AWS Big Data Blog
Use Amazon Redshift Spectrum with row-level and cell-level security policies defined in AWS Lake Formation
Data warehouses and data lakes are key to an enterprise data management strategy. A data lake is a centralized repository that consolidates your data in any format at any scale and makes it available for different kinds of analytics. A data warehouse, on the other hand, has cleansed, enriched, and transformed data that is optimized for faster queries. Amazon Redshift is a fast, petabyte-scale cloud data warehouse that powers a lake house architecture, which enables you to query the data in a data warehouse and an Amazon Simple Storage Service (Amazon S3) data lake using familiar SQL statements and gain deeper insights.
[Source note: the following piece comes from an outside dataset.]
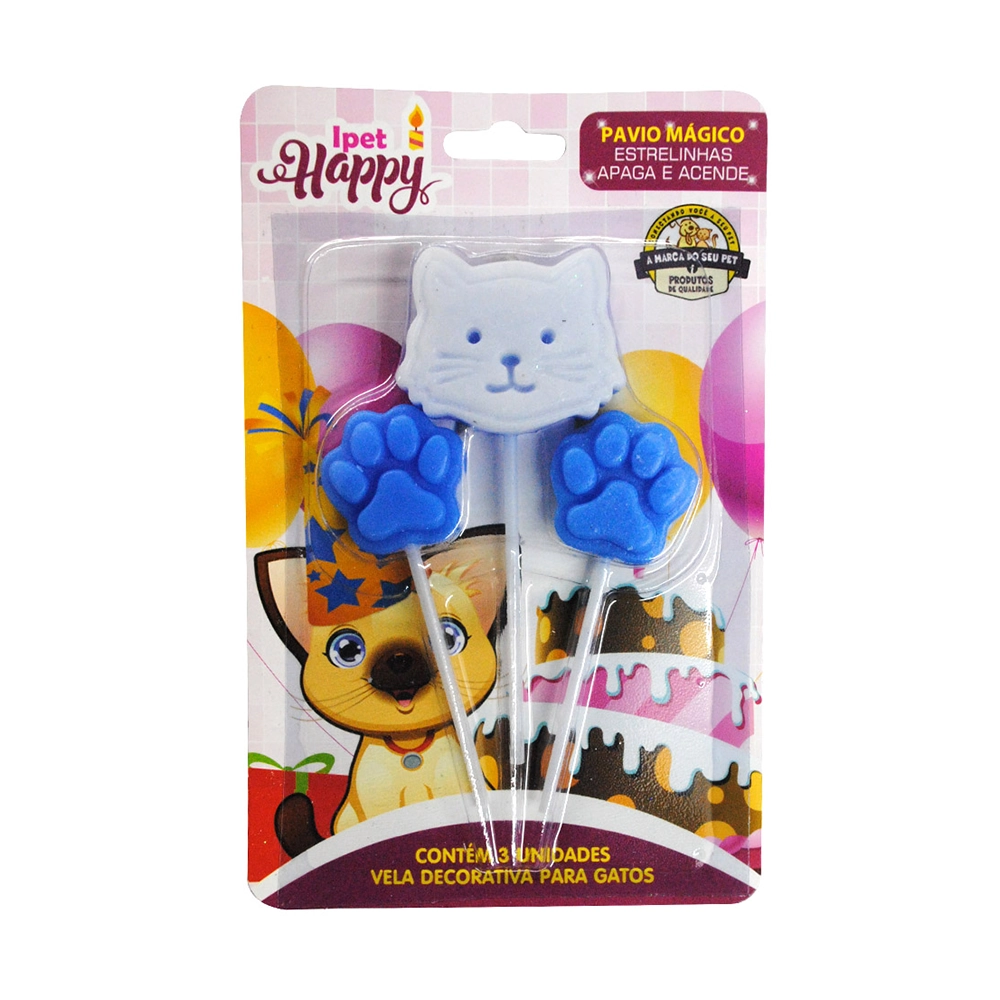 Vela De Aniversario Ipet Happy Para Gatos Azul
Data lakes often contain data for multiple business units, users, locations, vendors, and tenants. Enterprises want to share their data while balancing compliance and security needs. To satisfy compliance requirements and to achieve data isolation, enterprises often need to control access at the row level and cell level. For example:
- If you have a multi-tenant data lake, you may want each tenant to be able to view only those rows that are associated to their tenant ID
- You may have data for multiple portfolios in the data lake and you need to control access for various portfolio managers
- You may have sensitive information or personally identifiable information (PII) that can be viewed by users with elevated privileges only
AWS Lake Formation makes it easy to set up a secure data lake and access controls for these kinds of use cases. You can use Lake Formation to centrally define security, governance, and auditing policies, thereby achieving unified governance for your data lake. Lake Formation supports row-level security and cell-level security:
- Row-level security allows you to specify filter expressions that limit access to specific rows of a table to a user
- Cell-level security builds on row-level security by allowing you to apply filter expressions on each row to hide or show specific columns
Amazon Redshift is the fastest and most widely used cloud data warehouse. Amazon Redshift Spectrum is a feature of Amazon Redshift that enables you to query data from and write data back to Amazon S3 in open formats. You can query open file formats such as Parquet, ORC, JSON, Avro, CSV, and more directly in Amazon S3 using familiar ANSI SQL. This gives you the flexibility to store highly structured, frequently accessed data in an Amazon Redshift data warehouse, while also keeping up to exabytes of structured, semi-structured, and unstructured data in Amazon S3. Redshift Spectrum integrates with Lake Formation natively. This integration enables you to define data filters in Lake Formation that specify row-level and cell-level access control for users on your data and then query it using Redshift Spectrum.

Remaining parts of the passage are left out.